La Policía Nacional del Perú (PNP) detuvo a un venezolano conocido como el Gordo Ramón en Lima Norte en Perú.
Funcionarios allanaron el búnker del nuevo capo de la zona, se trata de Jesús Ramón Barrios García, alias ‘Gordo Ramón’, quien lideraba la banda criminal conocida como ‘Los Piratas’.
El operativo, centrado en la lucha contra la trata de personas, dejó al descubierto las actividades ilícitas de esta organización.
Jesús Ramón Barrios García, de 33 años y más conocido como ‘Gordo Ramón’, es el cabecilla de ‘Los Piratas’, una facción de la temida banda ‘Los Gallegos’.

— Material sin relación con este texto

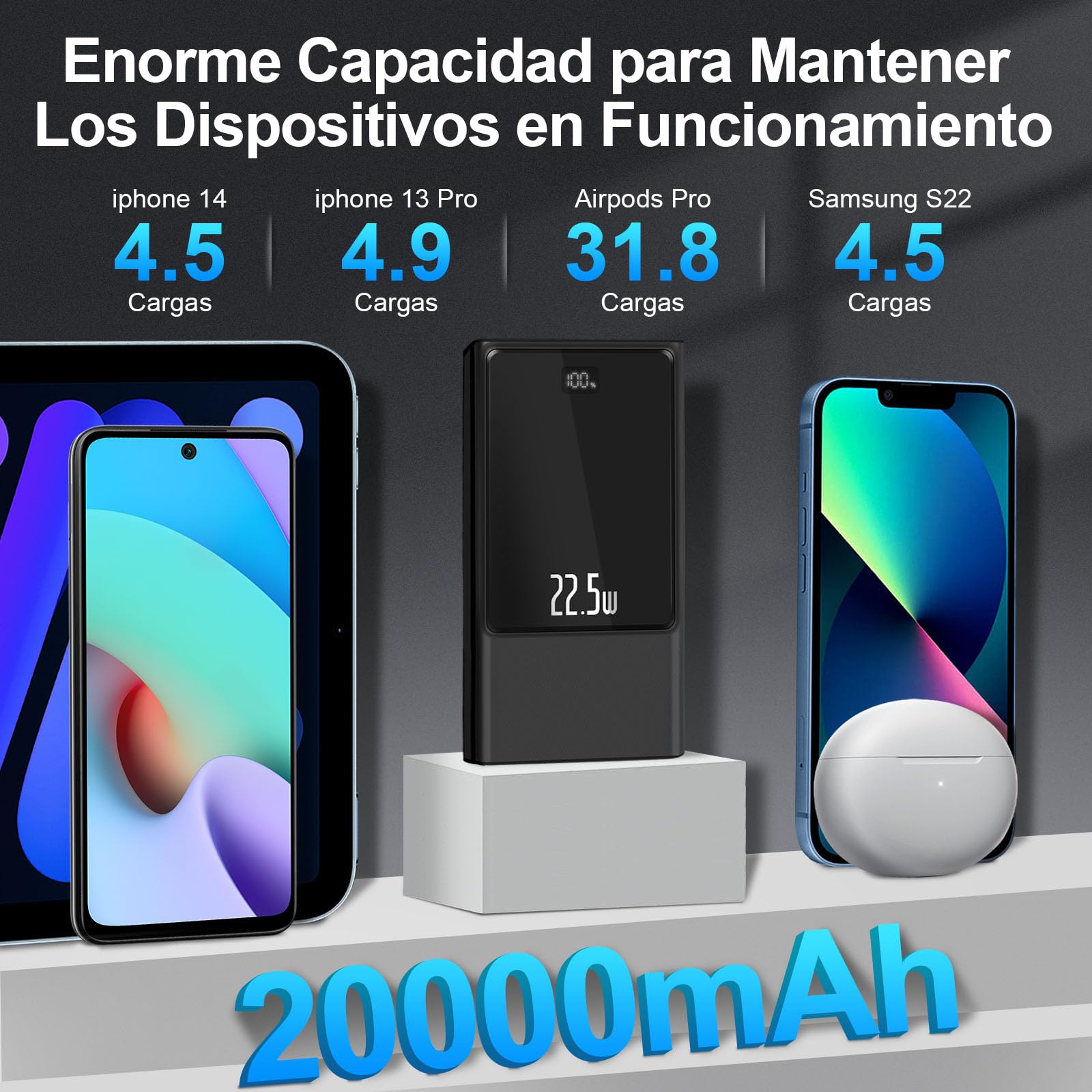 INTELIFE Power Bank 22.5W 20000 mAh Pila Portátil de Carga Rápida,USB-C 20W y Salida de USB-A 22.5w Banco de Batería Delgada Pantalla LED Compatible con iPhone 16/15/14 Serie, Android, Samsung,etc.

Este grupo se dedicaba a alquilar bares y discotecas en San Martín de Porres para explotar sexualmente a mujeres, además de ofrecer un refugio a extorsionadores, delincuentes y secuestradores.

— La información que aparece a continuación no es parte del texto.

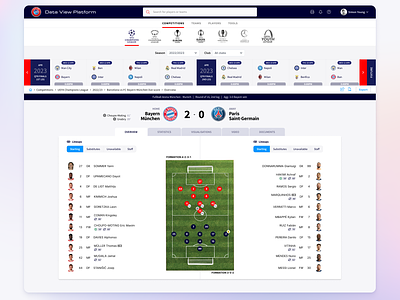 UEFA Data View coaching analytics dashboard design footbal ui product design soccer ui ui ui design ux ux design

El operativo se llevó a cabo en el bar denominado ‘K-leta’, ubicado en la avenida Carlos Izaguirre, asociación Santa María del Valle. En el lugar, las autoridades intervinieron a 61 personas, de las cuales 47 eran varones venezolanos, cuatro peruanos y dos colombianos. Entre las mujeres, siete eran venezolanas y una peruana.
“El ‘Gordo Ramón’ regentaba este local, que era utilizado para planificar todo tipo de delitos”, informó el general Óscar Arriola, jefe de Estado Mayor de la PNP. ‘Gordo Ramón’, de nacionalidad venezolana y en situación ilegal en el país, es conocido por su crueldad hacia las mujeres que no obedecen sus órdenes, llegando incluso a torturarlas sin compasión, según revelaron fuentes cercanas a la investigación.
La intervención en el bar ‘K-leta’ es parte de una serie de operativos destinados a desmantelar las redes criminales que operan en la capital. El Ministerio del Interior confirmó que ‘Los Piratas’ es una facción derivada de ‘Los Gallegos’, conocida por su participación en diversos actos delictivos en la región.
La intervención culminó con el hallazgo de un arsenal y otras evidencias que confirman la actividad delictiva de la organización.
En el local, las autoridades encontraron siete motocicletas, grilletes, máscaras y drogas, junto con cinco pistolas, dos de las cuales habían sido reportadas como robadas. Una de estas armas estaba oculta ingeniosamente dentro del tanque de un inodoro.
“Esta organización coloca las armas en lugares estratégicos para que cualquiera las utilice ante una intervención”, explicó el general Óscar Arriola, jefe de Estado Mayor de la Policía Nacional del Perú (PNP).
El bar, que operaba bajo estrictas medidas de seguridad, solo permitía el ingreso de personas con invitación privada y un código QR.